About a year ago, Mikael Gaudin-Lech posted an essay about Woton's Wake at Stardust Memories. "A mythological digression," states Gaudin-Lech, "Woton's Wake is a wandering made of odds and ends, nightmares and dreams, cardboard and ghosts, figures of haunted expressionism (currently in the spotlight at the Cinematheque) which reflected 'the eternal concern of the German soul which seeks to meet in dreams and fantasy' [H. Eisner Lotte quote from 'Notes on the style of Fritz Lang', in La Revue du Cinema, February 1947]. Similarly, if 'burning from within is what best characterizes the Murnalien actor' (Hervé Joubert-Laurencin), Woton embodies this character's internal combustion, a monstrous creature who disappears behind distorting makeup, ablaze, making his entire grotesque face unrecognizable (fire, smoke, scabs, hair pieces, makeup)."

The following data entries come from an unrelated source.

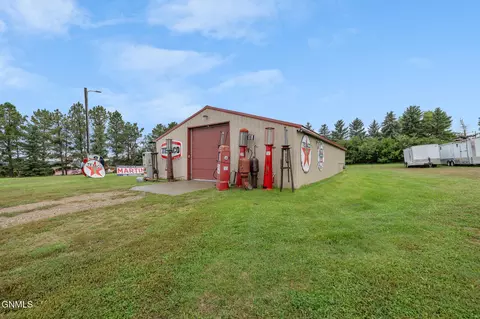 Exterior - 14063 48th St NW, Williston, ND 58801 photo 18 of 25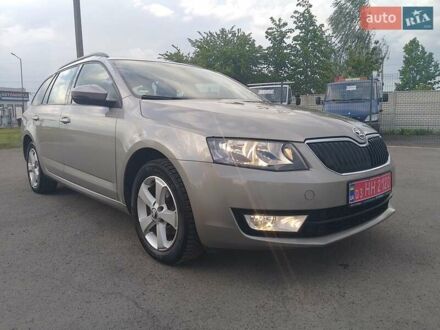 Шкода Октавия 2014 в Ровно на Automoto.ua Бежевый Шкода Октавия, объемом двигателя 1.2 л и пробегом 205 тыс. км за 8900 $, фото 1 на Automoto.ua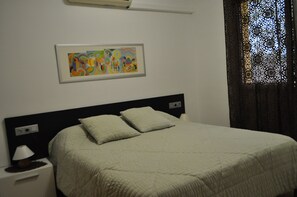 3 Schlafzimmer, Bügeleisen/Bügelbrett, WLAN, Bettwäsche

Later in the essay, Gaudin-Lech, while describing the first scenes of Woton's Wake, notes a direct reference to Alain Resnais' Hiroshima, mon amour, which is one of the published screenplays that appears on the bookshelf at the start of the film (see image above). "In the foreground, Woton, Nosferatu hybrid and elusive, haunting the rooftops, surprises an embracing couple with an ignited blowtorch, creating a vivid picture that obviously brings to mind the bodies of Hiroshima, mon amour. Using canted angles, fades, close-ups, a persistent contrast between the white of the sky and the black of the buildings, highlighting the salient edges of natural scenery and the thrust of its frames, DePalma transforms the film school where his film was shot into a universe dreamlike and strange, made of rubble and devastated warehouses in disarray. Of course, the German Expressionist cinema was summoned, but also abstract art, the underground cinema shot in Bolex 16mm, contemporary architecture..."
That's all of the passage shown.